D'aussi loin que je m'en souvienne, jamais une autobiographie – genre intimiste par excellence et donc puissant vecteur d'émotions, bonnes ou mauvaises – ne m'a laissée indifférente. J'adresse donc toutes mes félicitations à Reidar Jönsson qui, avec Ma vie de chien, remporte le tout premier prix de ma carrière de blogolectrice : celui de l'équanimité !
Détrompez-vous toutefois (et rangez-moi ce champagne, crénom de nom !), ce qui peut sonner comme une victoire n'en est en réalité pas une : à mes yeux en effet, il n'est pire infortune pour un livre que de ne générer aucune émotion chez son lecteur. Mieux vaut être médiocre, susciter en moi la colère ou l'indignation, comme a pu le faire Elle s'appelait Sarah, qu'être de qualité mais se faire l'écho d'un néant émotionnel, à l'image de Ma vie de chien.
Bien que la vie de l'auteur (Ingemar Johansson dans le livre) soit éminemment tragique et donc qu'elle appelle à une certaine compassion, je n'ai pas réussi à m'attacher ne serait-ce qu'une seconde à lui, encore moins à ses proches, et donc à prendre part à ses (nombreuses) bévues. De ces trois cents pages ne résulte finalement qu'un profond malaise teinté de culpabilité : comment ai-je pu, moi que pourtant un rien bouleverse (même Helga Pataki dans Hé Arnold, oui, Helga !), rester insensible à l'histoire de ce gamin ? Et pourquoi ?

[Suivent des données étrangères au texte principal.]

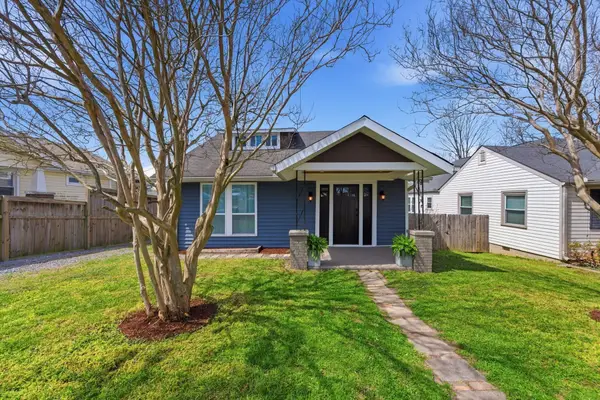 2417 Brasher Ave, Nashville, TN 37206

Sans doute, dans un premier temps, parce que Ma vie de chien est une autobiographie non linéaire qui s'appuie sur une quantité mirobolante de flash-back ce qui rend le récit assez confus. Au lieu de se laisser tranquillement porter par cette histoire, l'esprit cherche désespérément à comprendre ce qu'il lit (ce qui, vous en conviendrez, devrait s'opérer naturellement) et finit par s’essouffler. Forcé de se contenter des informations essentielles (un père absent et irresponsable, une mère alitée qui préfère lire plutôt que s'occuper de ses enfants) l'émotion ne peut le cueillir.

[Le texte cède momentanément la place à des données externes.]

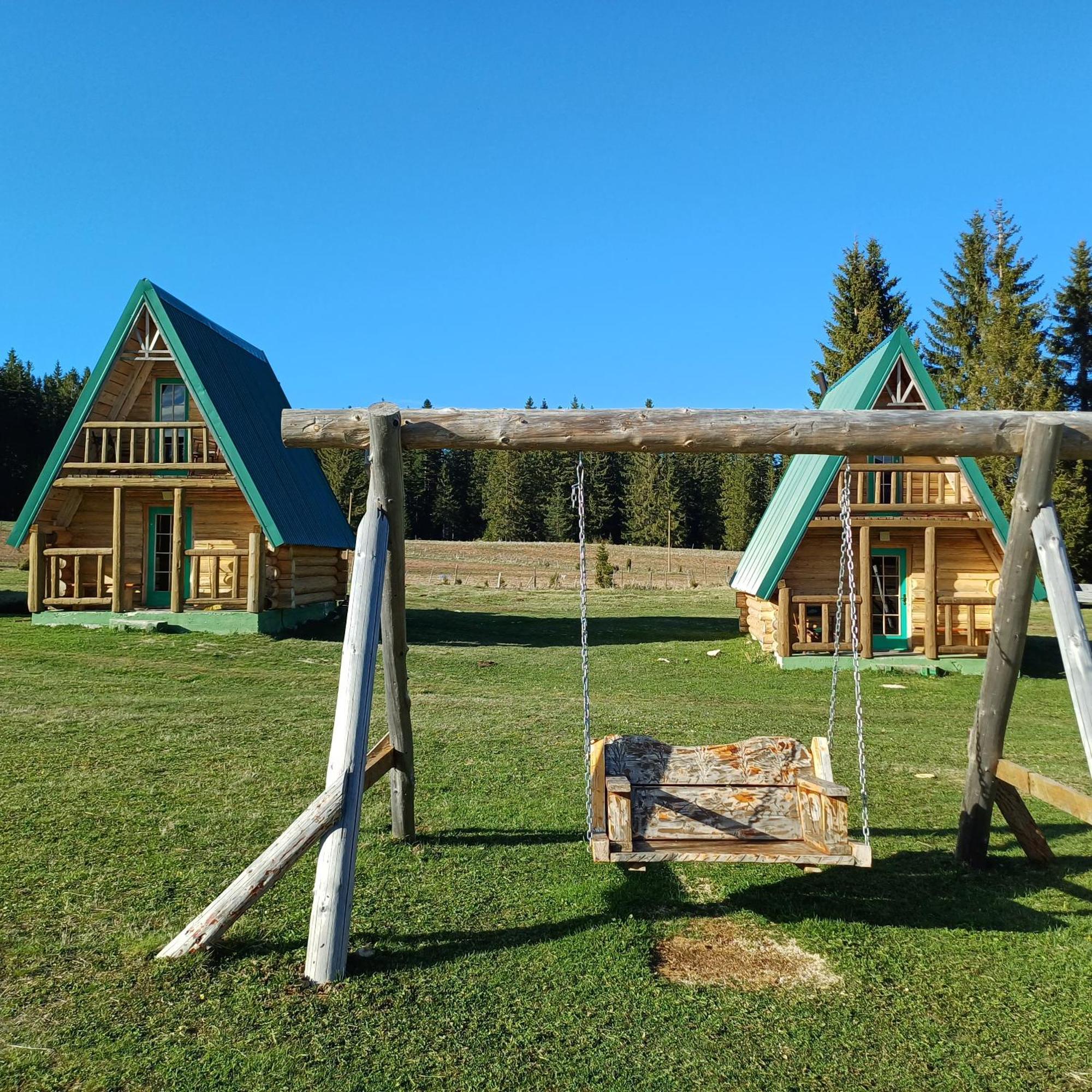 Etno Willage Uskoci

L'autobiographie se découpe en plusieurs chapitres centrés soit sur l'année 1958, essentiellement marquée par la présence fantomatique de sa mère et de nombreux coups durs, soit sur l'année 1959, elle plus positive puisqu'il vit alors chez son oncle Gunnar et multiplie les rencontres : Monsieur Holdst à qui il lit les journaux en échange de cours de flûte, Saga, une jeune adolescente qui pratique le football et la boxe et rejette sa féminité ou encore Göte, le meilleur ami de son oncle. Ma vie de chien a donc pour fil rouge la mémoire qui, seule, sélectionne des bribes passées ou présentes de sa vie.
Le style parfois extrêmement pertinent et poétique ("J'ai souffert d'une carence de réalité appliquée. Je sais si mal la manier que je n'ai cessé de la considérer comme un jeu") mais majoritairement oral peut également expliquer ma non adhésion à ce livre. Le lecteur se retrouve en effet acculé dans la tête d'Ingemar Johansson qui passe sans cesse du coq à l'âne ce qui s'avère extrêmement fatiguant. C'est d'autant plus handicapant que cela s'accompagne d'une dispersion aléatoire des informations qui, elle, ne facilite pas la compréhension.
Ma vie de chien retrace donc de manière confuse mais parfois sensiblement poétique les mésaventures d'un enfant paradoxalement plein de vie et d'optimisme, au monde intérieur riche que la vie a peu à peu transformé en animal indomptable.
Et pour ceux que Ma vie de chien intéresse, sachez que ce livre est le premier volet d'une trilogie autobiographique : il a été suivi d'Un chien enterré et du Paradis du chien.